▸ **REQUIREMENT**:
From the line containing "瓷片@@@@@@@@@@@AA377" through the last line of the material, copy every line exactly, both ends inclusive; do not copy pictures.

▸ **EXERCISE MATERIALS**:
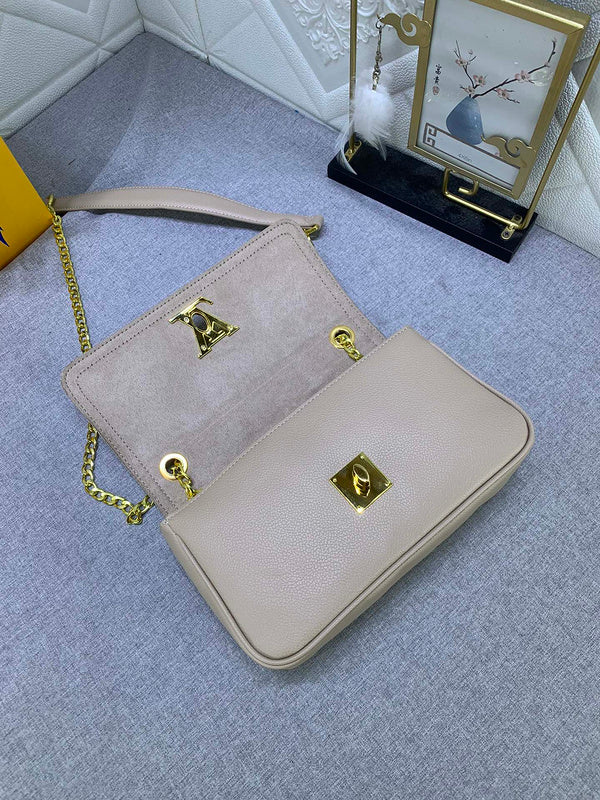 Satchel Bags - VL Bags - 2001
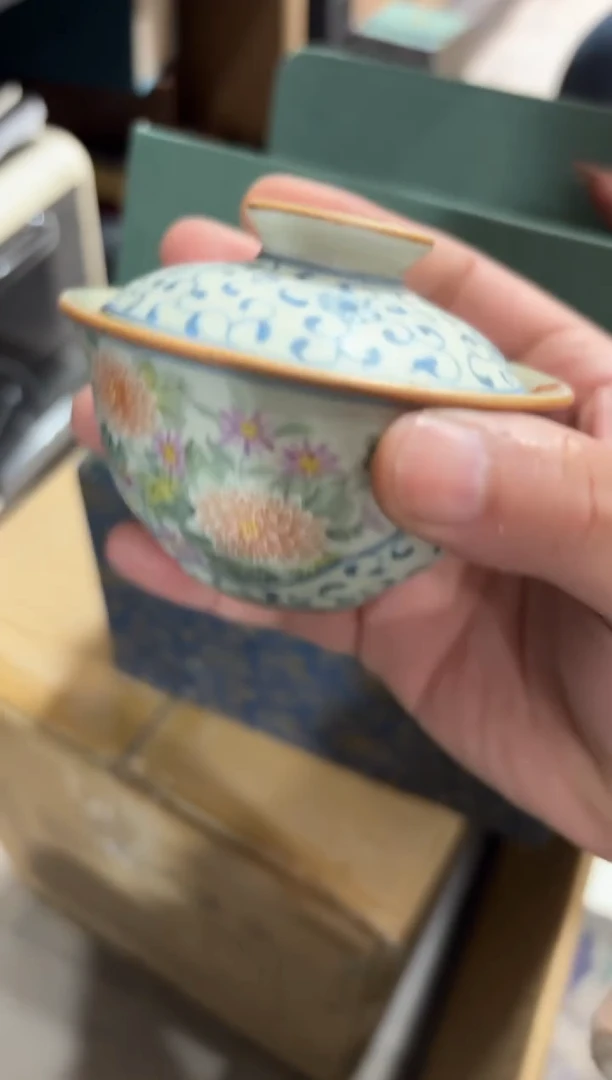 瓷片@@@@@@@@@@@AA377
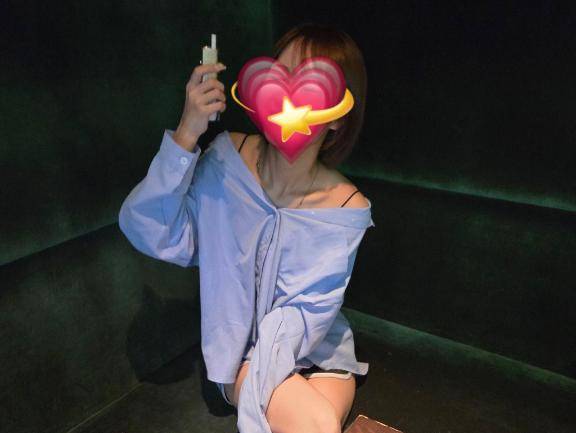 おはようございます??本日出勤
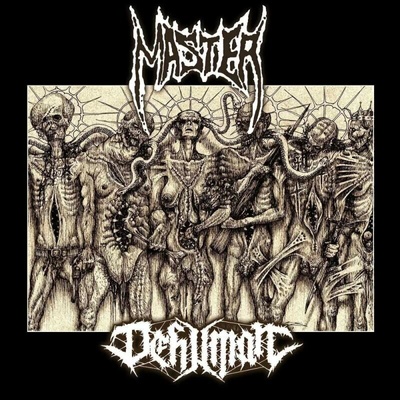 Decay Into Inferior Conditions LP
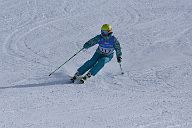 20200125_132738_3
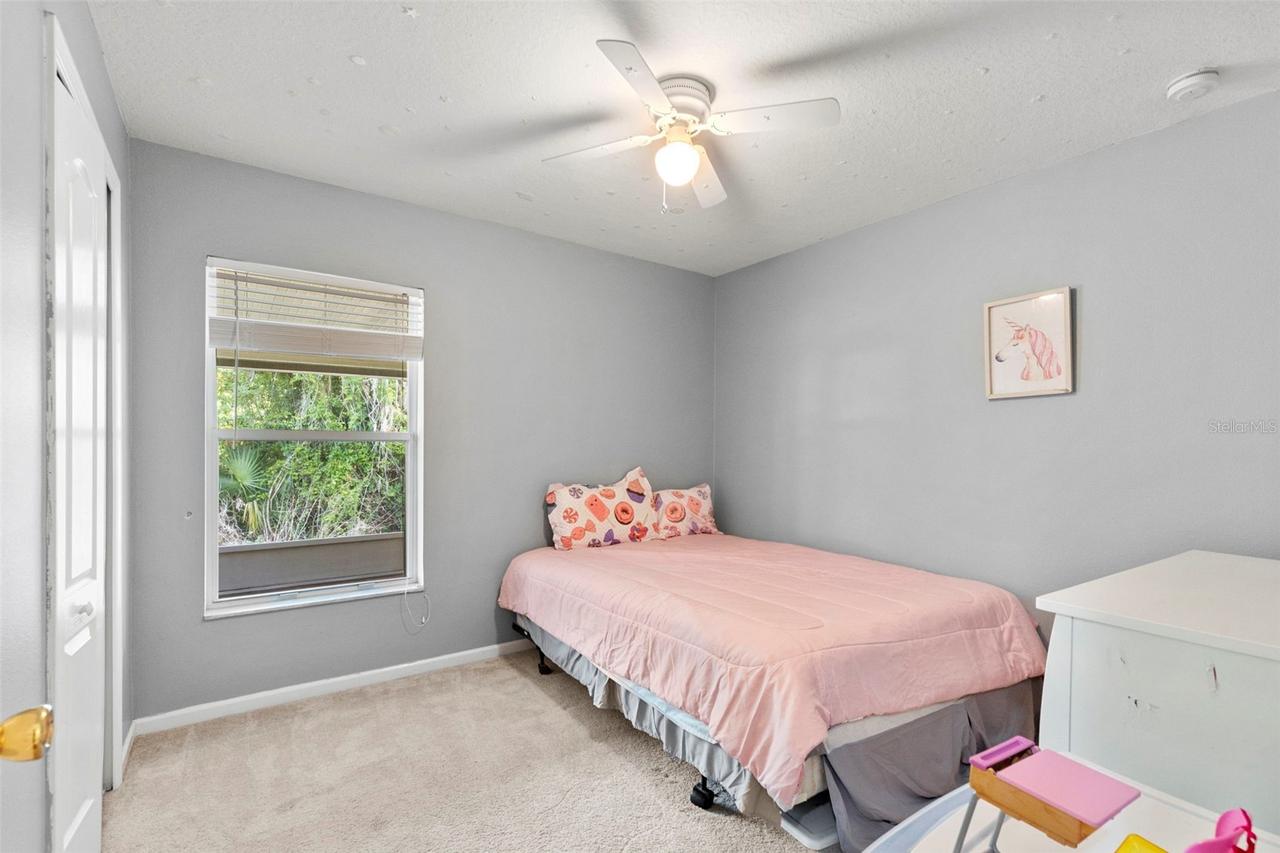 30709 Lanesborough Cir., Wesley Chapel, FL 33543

▸ **WRITTEN SOLUTION**:
 瓷片@@@@@@@@@@@AA377
 おはようございます??本日出勤
 Decay Into Inferior Conditions LP
 20200125_132738_3
 30709 Lanesborough Cir., Wesley Chapel, FL 33543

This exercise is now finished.